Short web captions

• • • •

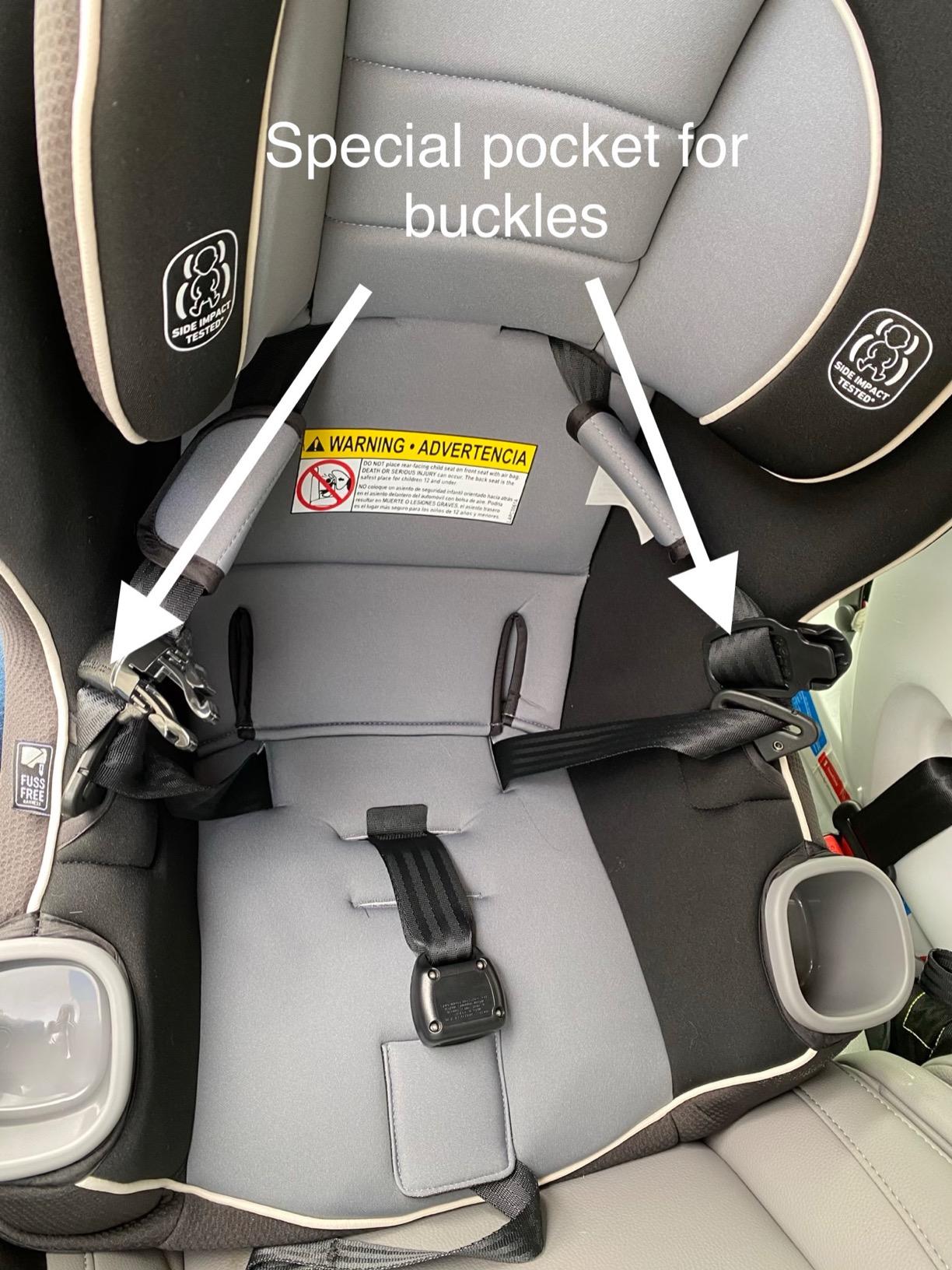 Graco Extend2Fit 2-in-1 Convertible Car Seat, Gotham customer photo 1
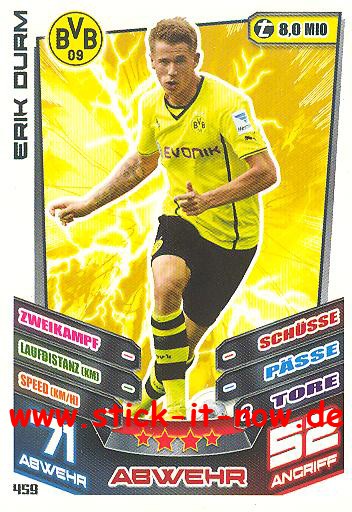 Match Attax 13/14 EXTRA - ERIK DURM - Nr. 459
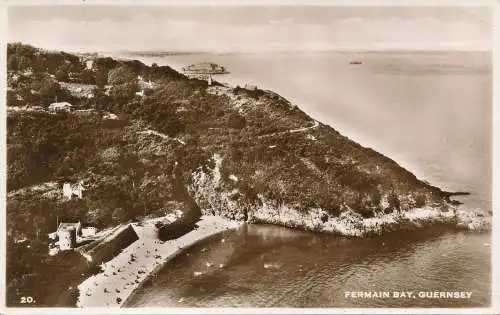 PC72981 Fermain Bay. Guernsey. B. B. London. RP. 1952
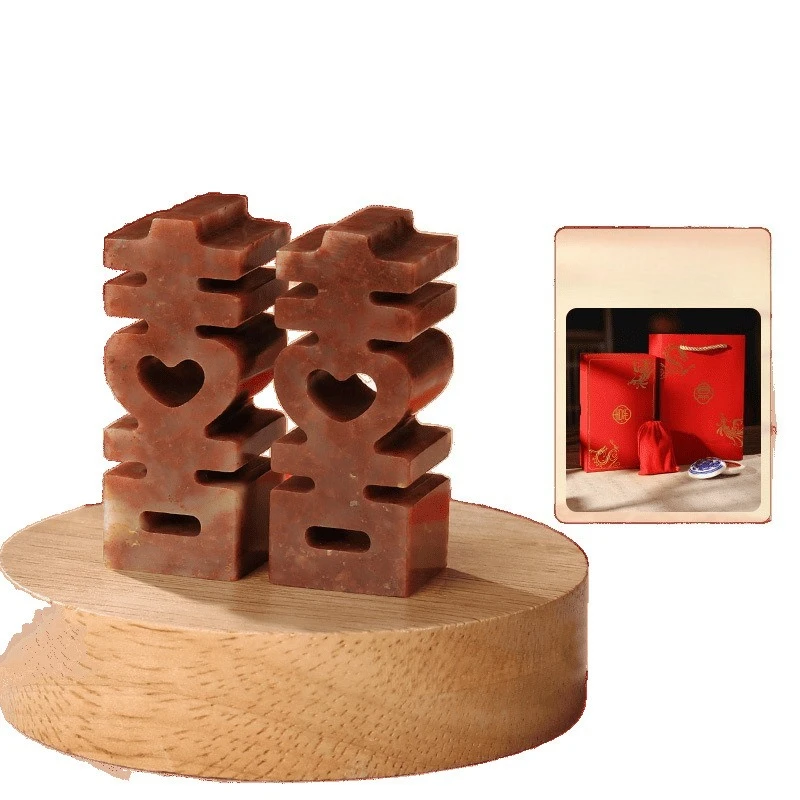 Double Happiness Gifts Couple Chapters Souvenir Shoushan Stone Qixi Festival Gifts
Double Happiness Gifts Couple Chapters Souvenir Shoushan Stone Qixi Festival Gifts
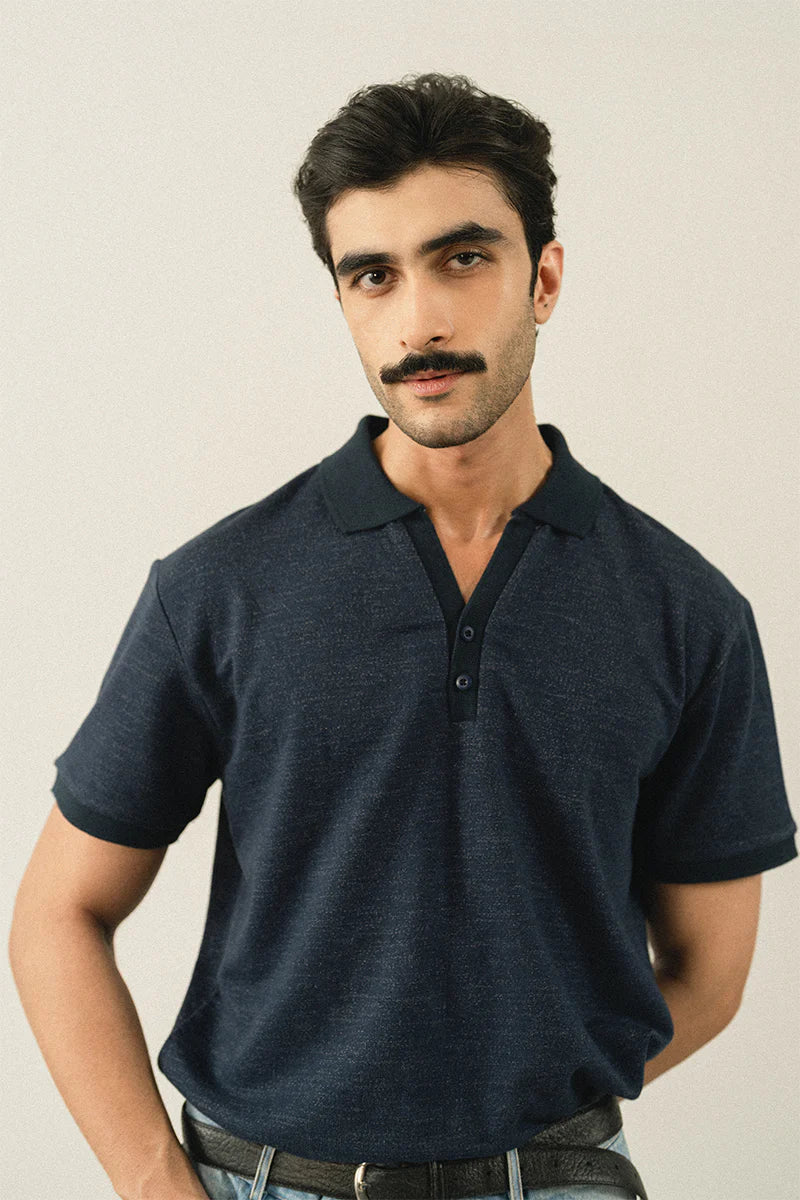 Navy Blue Polo Shirt | REPUBLIC MENSWEAR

• • • •

| WHAT THE TASK ASKS |
Would you copy out the data exactly, leaving every picture out?

| RESULT FOR THIS EXERCISE |
 Graco Extend2Fit 2-in-1 Convertible Car Seat, Gotham customer photo 1
 Match Attax 13/14 EXTRA - ERIK DURM - Nr. 459
 PC72981 Fermain Bay. Guernsey. B. B. London. RP. 1952
 Double Happiness Gifts Couple Chapters Souvenir Shoushan Stone Qixi Festival Gifts
Double Happiness Gifts Couple Chapters Souvenir Shoushan Stone Qixi Festival Gifts
 Navy Blue Polo Shirt | REPUBLIC MENSWEAR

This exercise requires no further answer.